I need 2 of these fans on my northbridge to cool it. What provides the highest CFM/Noise ratio.
What's the Most CFM a 40mm fan can get and how do I combine the two fan wires in to one lead?


----------



## hat (Aug 20, 2009)

I'd like to know how to combine 2 fan wires into one lead as well...


----------



## <<Onafets>> (Aug 20, 2009)

anyone?


----------



## tonyd223 (Aug 20, 2009)

didn't antec do a spotcool fan? 80mm on a stalk so you can position it where you want?


----------



## kenkickr (Aug 20, 2009)

tonyd223 said:


> didn't antec do a spotcool fan? 80mm on a stalk so you can position it where you want?



Yes they did, http://www.antec.com/Believe_it/product.php?id=ODA=
http://www.newegg.com/Product/Product.aspx?Item=N82E16835209017&Tpk=spotcool


----------



## <<Onafets>> (Aug 20, 2009)

I personally don't like them...40mm only please. the reason i'm asking is because they all look the same.


----------



## oli_ramsay (Aug 20, 2009)

http://www.scythe-usa.com/product/acc/016/sy124010l_detail.html

Maybe this?


----------



## <<Onafets>> (Aug 20, 2009)

I was looking at those...I'll go with them I think.

Quote: Dad.

I don't see any logical reason to have 9 fans in your computer.
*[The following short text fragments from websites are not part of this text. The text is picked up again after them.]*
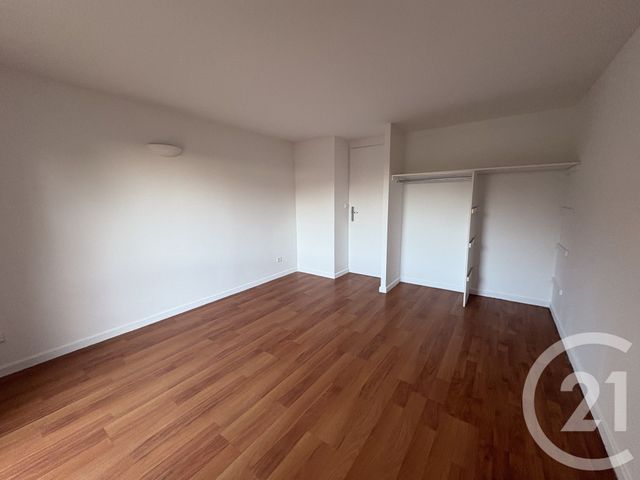 Appartement F2 à louer - 2 pièces - 55.24 m2 - BESANCON - 25 - FRANCHE-COMTE - Century 21 Chaprais Immobilier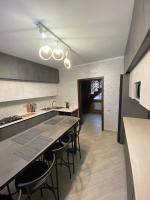 ViLLA KUMANETS - B&B Skhidnytsia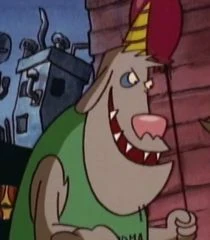 Arquivo:CatDog - Tough Dog 1.jpg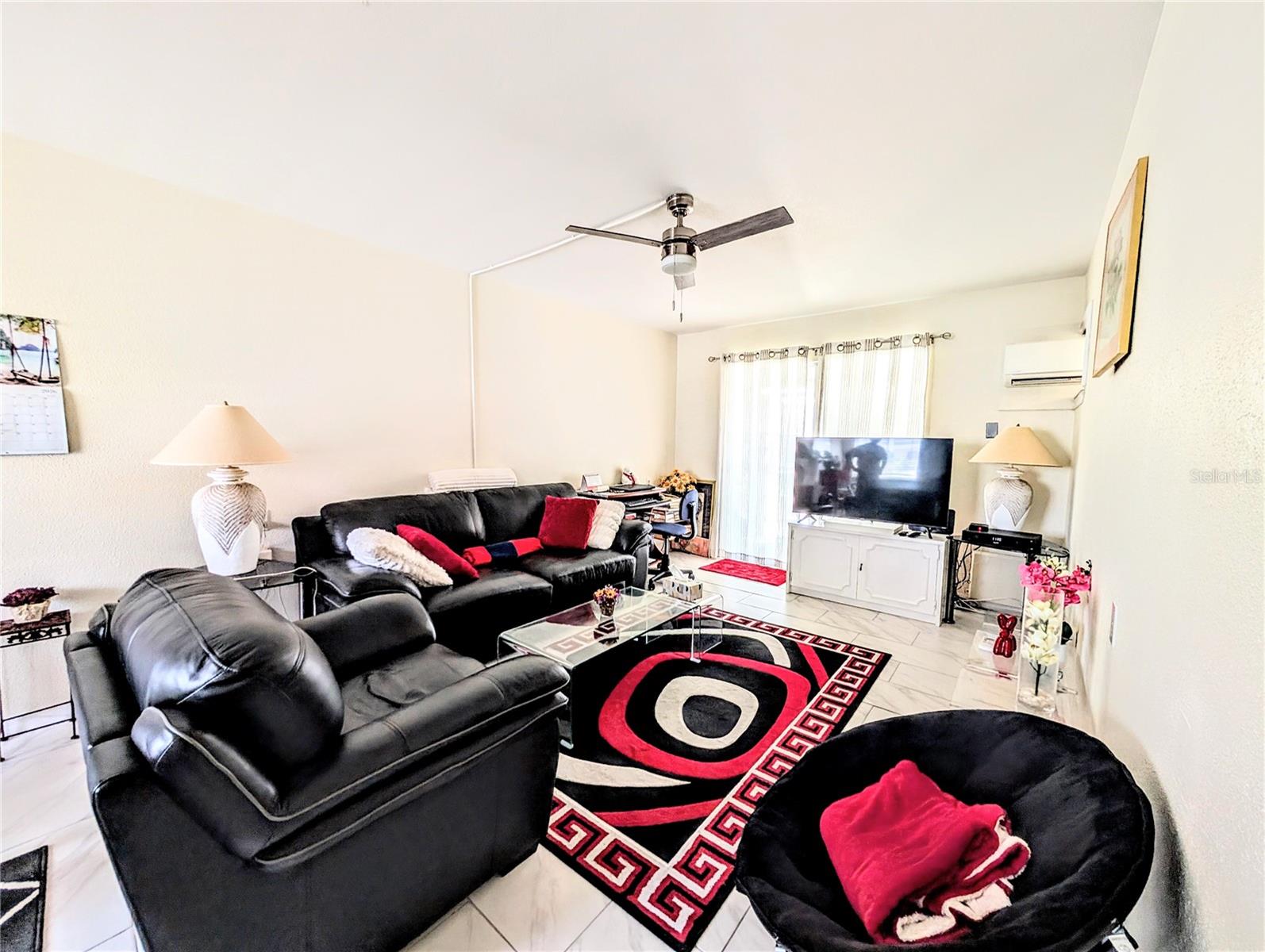 1509 Pleasant Unit A4, Bradenton, FL 34207
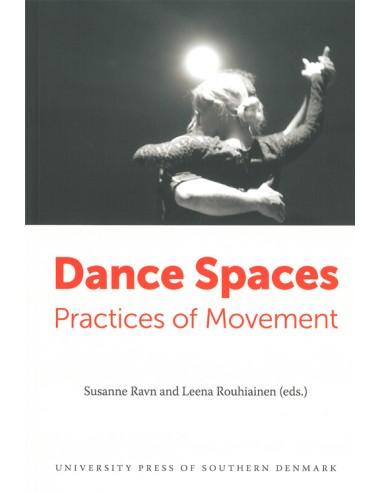 Dance Spaces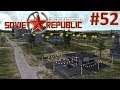 Workers & Resources: Soviet Republic - Loja de Carros! ep 52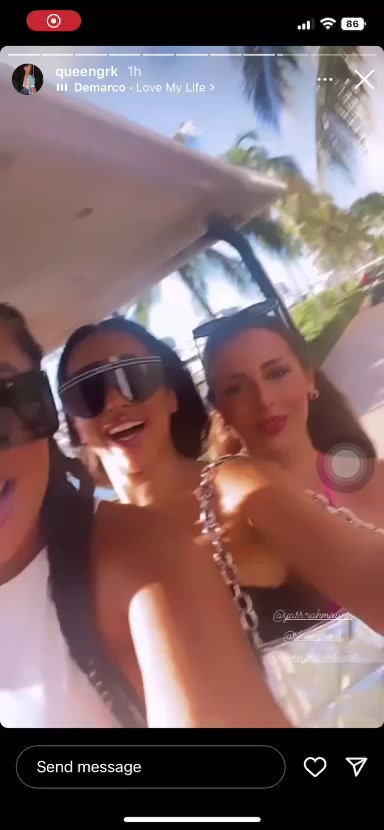 VID_20251213_181059_156.mp4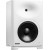 Produktbild Genelec S360 SAM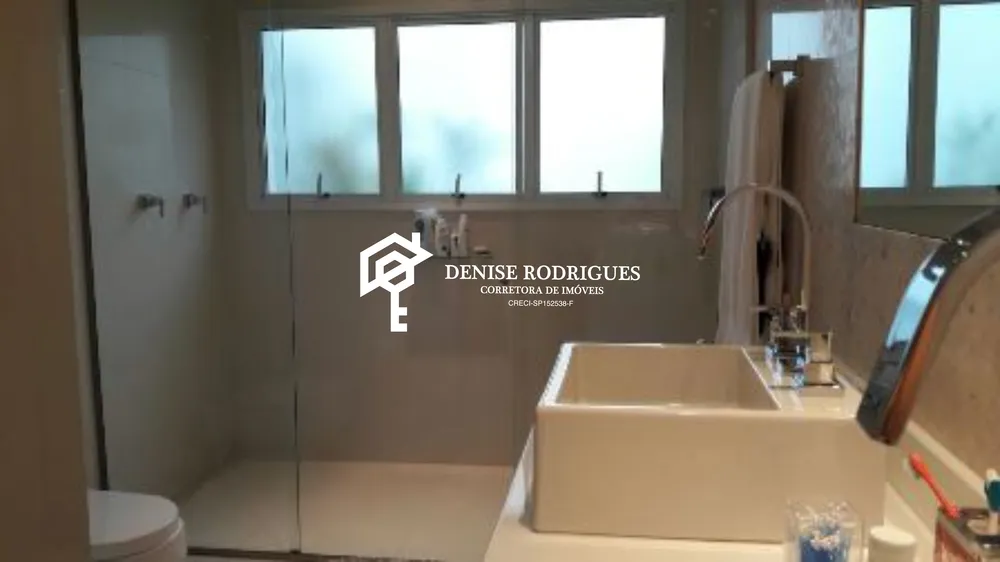 Casa, 4 quartos, 660 m² - Foto 6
Like a car, it needs some form of heat to run well. wtf:

This is why I built my onw rig and not him xD!


----------



## chuck216 (Aug 20, 2009)

If noise isn't an issue then this is the highest cfm 40mm fan : http://www.newegg.com/Product/Product.aspx?Item=N82E16811999701

If it is then maybe one of these in the 25 -30 dba range : http://www.newegg.com/Product/Produ...72726520 1373026488 1373126556&name=25-30 dBA

or if you want quiet and airflow doesn't matter this one : http://www.newegg.com/Product/Product.aspx?Item=N82E16835191001


----------



## hat (Aug 20, 2009)

That is true for machines with moving parts, like a fan, a hard drive, an optical drive, or a car. However, computer chips have no moving parts, so the cooler they are, the better they run... up to a certain point, like when you start using extreme cooling like liquid nitrogen etc. 

...If your temps are lower than abient, like with chilled water, watch out for condensation... however this is impossible with air cooling, so when using a traitional heat sink and fan the cooler it gets the better, since an air cooler will never cool below ambient, thus no condensation.


----------



## EnergyFX (Aug 20, 2009)

How thick are you looking for?  There are 20mm thick and 10mm thick fans.


----------



## Error 404 (Aug 20, 2009)

I would recommend a 60 mm fan at smallest, since I had a 40mm fan cooling my NB (but then I got my new case) and it was LOUD, it was like a pissy little whining baby trapped in my computer, and my PC was almost silent when I unplugged it.
However, you really should only need one 40mm fan anyway, not 2, unless your NB is REALLY burning up.


----------



## EnergyFX (Aug 22, 2009)

FYI, here is what you are looking for to combine two fans into one plug:

http://www.performance-pcs.com/catalog/index.php?main_page=product_info&cPath=289&products_id=141


----------



## Fitseries3 (Aug 25, 2009)

this must be a quiz cause i think you knew the answer before you asked the question.

without a doubt, 

DELTA


----------



## <<Onafets>> (Aug 25, 2009)

Actually...scratcy the fans. will any of thermal rights products work on my northbridge?


----------



## Fitseries3 (Aug 25, 2009)

Hr05


----------



## MKmods (Aug 25, 2009)

<<Onafets>> said:


> I was looking at those...I'll go with them I think.
> 
> Quote: Dad.
> 
> ...



Being a mechanic that seemed reasonable at first to me too... But the difference is computers do not rely on combustion to run (combustion in computers = BAD!)

and like others said 40mm fans that move a lot of air are really noisy, better to go with 60 or 80s...


----------



## <<Onafets>> (Aug 25, 2009)

Good news everyone ...I'm getting that Nnorthbrighe heatsink and the true black 120 aswell for my term 3 presents!!
EDIT: Why did studabaker get banned...I miss the bastard.


----------



## <<Onafets>> (Aug 25, 2009)

will two of these work with the black? http://www.coolermaster-usa.com/product.php?product_id=2913


----------